The failure to register would produce a potential fine of $1,000. It would also require owners of dogs designated as “dangerous” to obtain $50,000 worth of insurance.
Commissioner Jose “Pepe” Diaz wants to add a canine mug shot and bio to detail the dog’s history of bite or chasing people in a “menacing fashion.”
A dog would be considered dangerous if it attacks another animal or a human without provocation and causes severe injury or death, or if it approaches a human in a menacing fashion or apparent attitude of attack.
The common law treats these cases under a strict liability standard. An owner is strictly viable for a dog with known vicious tendencies. This is sometimes called (inartfully) the “one free bite rule” since after the first bite, an owner has obvious knowledge. However, it sometimes does not require a bite to have such knowledge. Indeed, these laws can serve as such warnings.
One of the most infamous cases involved two lawyers. Lawyers Marjorie Knoller and Robert Noel were successfully prosecuted after their huge “Presa Canario” dogs mauled and killed neighbor, Diane Whipple, in the hallway of her San Francisco apartment building in January 2001. Whipple was bitten 77 times and the dogs nearly severed her vertebrae.
Jurors found Marjorie Knoller’s husband, Robert Noel, guilty of involuntary manslaughter, and found Knoller guilty of second-degree murder.
The common law rule also applies to wild animals. Defining some animals as wild can be done with reference to statutes or the lack of animus revertendi (the habit of return). The most common category in the United States is the possession of wolves or part-wolf animals as pets.
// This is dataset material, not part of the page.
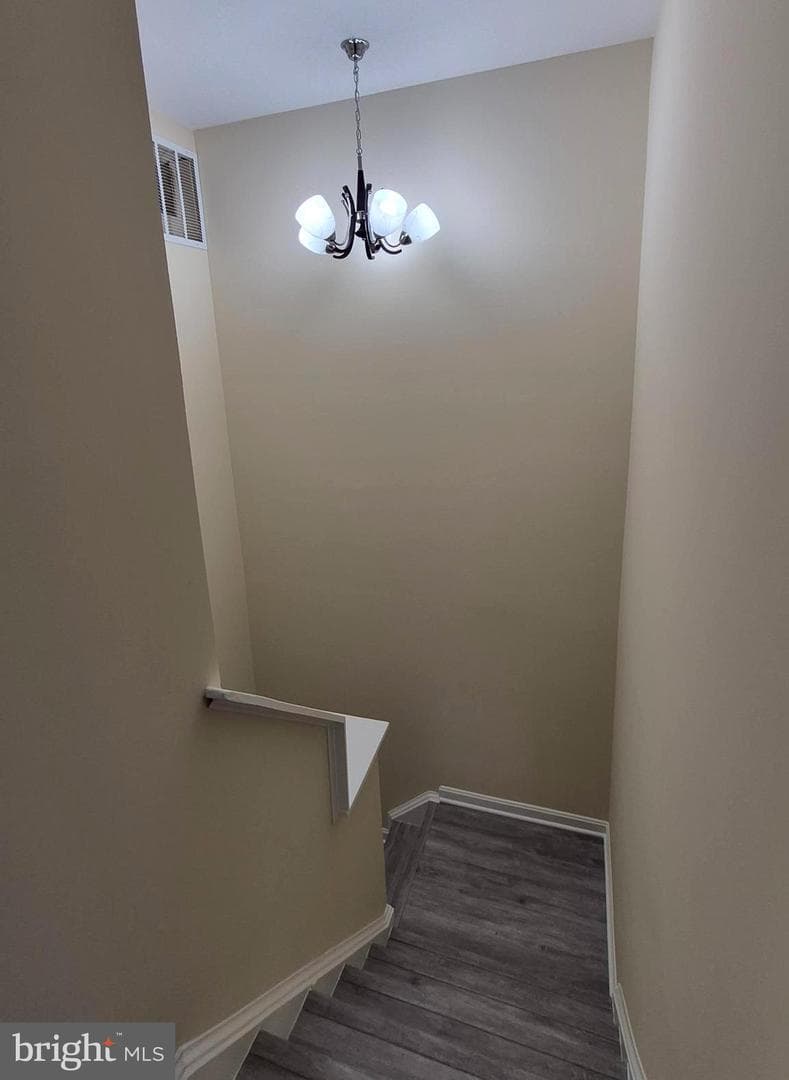 7106 Snug Harbor Ct photo 18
The registry would create a regulatory listing of animals with dangerous propensities — making the owners more vulnerable to strict liability claims. Florida has an interesting statute on dog bites that imposes strict liability but folds in contributory fault as a matter of proximate causation.
767.04 Dog owner’s liability for damages to persons bitten.—The owner of any dog that bites any person while such person is on or in a public place, or lawfully on or in a private place, including the property of the owner of the dog, is liable for damages suffered by persons bitten, regardless of the former viciousness of the dog or the owners’ knowledge of such viciousness. However, any negligence on the part of the person bitten that is a proximate cause of the biting incident reduces the liability of the owner of the dog by the percentage that the bitten person’s negligence contributed to the biting incident. A person is lawfully upon private property of such owner within the meaning of this act when the person is on such property in the performance of any duty imposed upon him or her by the laws of this state or by the laws or postal regulations of the United States, or when the person is on such property upon invitation, expressed or implied, of the owner. However, the owner is not liable, except as to a person under the age of 6, or unless the damages are proximately caused by a negligent act or omission of the owner, if at the time of any such injury the owner had displayed in a prominent place on his or her premises a sign easily readable including the words “Bad Dog.” The remedy provided by this section.
If the law spreads across the country, it could create a regulatory shortcut on strict liability. It is not the convention standard of care statute, but rather an actual regulatory classification related directly to cause of action. A court would have to decide whether the registry is material to the claim and subject to disclosure before the jury.